Tuesday, November 18, 2008


Last Thursday I had the opportunity to return to my old school...the one where I started my career nine years ago. Actually, I was in the very classroom that I once taught third grade in. I happened to be there with my current principal, who was there at the school with me, and a colleague that had been there too. The three of us couldn't help but reminisce about the "good old days".

Maybe it is because I am getting older....maybe it's because I have been teaching for nine years and despite the fact that I love my job, nine years of anything will make you look at things a little differently.....maybe it is because my "new" school is so completely different- in appearance and feel....but a part of me longed for the days when I taught in this "old" school.

It was built a long time ago- late 60's I believe. Like most buildings built then it is heavy and ponderous; made of institutional brick and built, without apology, to withstand anything. It is not fancy in any way, it is built in a simple rectangle, with a courtyard in the middle. The classrooms are bigger than the ones that I currently teach in, and since I left, have all been painted in light blues or yellows. The classrooms are right next to each other, and right across too, and lockers line the hallways. Artwork is everywhere and you can tell that there is a community. It is a school, and meant to be a school.

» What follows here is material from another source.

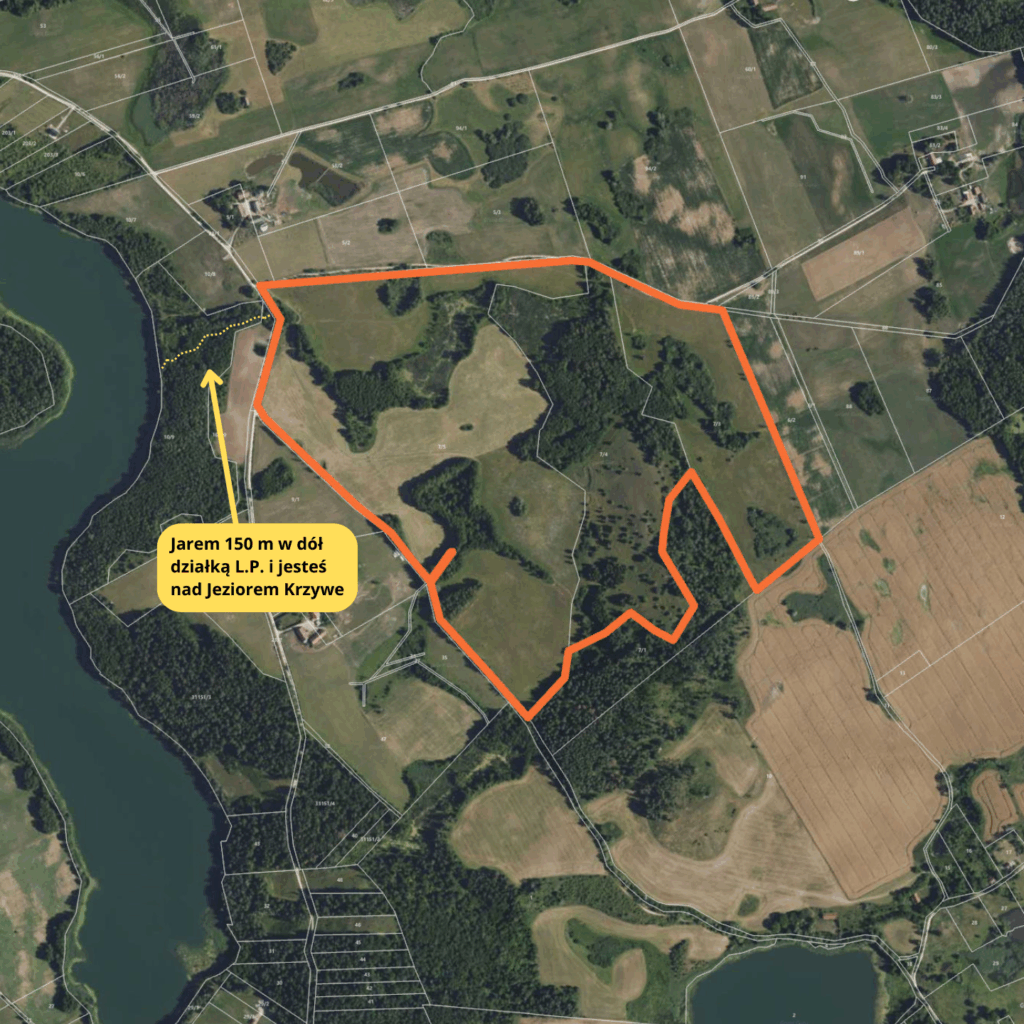 Obszar działki na sprzedaż z zaznaczoną dróżką prowadzącą do jeziora przez działkę leśną L.P.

My current building, although beautiful, is impractical in the extreme. It is built to look more like an office building; all sweeping lines and curving walls. Floor to ceiling glass, which sounds really nice but has made it rather difficult to control the heat, and leaves the building feeling (and looking) rather cold. Teachers clearly weren't consulted when they designed the building either because there are any number of things that any one of us would change in a heartbeat. Starting with a desk that must sit in the front of the room for computer access and continuing with a small classroom made smaller by the huge cubbies that have to go into each classroom because the hallways were designed to barely fit two classes passing through, let alone lockers for the students. It is a beautiful building, to be sure, and there are architectural awards to prove it, but it doesn't feel like a school. And it is an effort to make it look like one.

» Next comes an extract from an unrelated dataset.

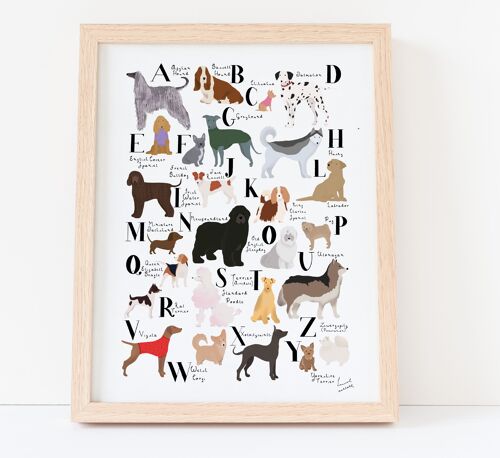 Dog Alphabet A3 Print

So, I sat in this classroom, my old classroom, and was nostalgic. Not only for the physical space that I so dearly miss, but also for the staff members that used to work there. I remember how we'd all stand out in our halls in the morning as the kids came in and, because we were so close, be able to talk to one another easily. I remember my colleague (who is now a principal in the district) that worked across the hall, shouting out to me from his desk in his classroom, and being able to respond. I remember feeling...like I belonged to a school community. Not that I don't feel that now but it is different. I can go days without seeing teammates if I want. I can also go weeks without seeing some of my colleagues that work downstairs, or in another wing of my building. It is harder, requires more effort, to get that same community feeling.....we have to work for it now and before, it just happened because we were all so close.

I drove away thinking that as much as I love my school now, and the people I work with and the reputation I know I have built with families in my area.....I wouldn't mind going back to my "old" school.


Keetha said...

What a well-done post. You articulated so well what you miss.

Kelli said...

Reading this post, I couldn't help but picture the school I spent 3rd & 4th grade in myself. It sounds so much like how you describe your old school...built with no intentions other then to be a school, it was so cozy and comfortable...I can picture walking down those hallways as an 8 and 9 year old clear as yesterday.

Nice writing, Lisa.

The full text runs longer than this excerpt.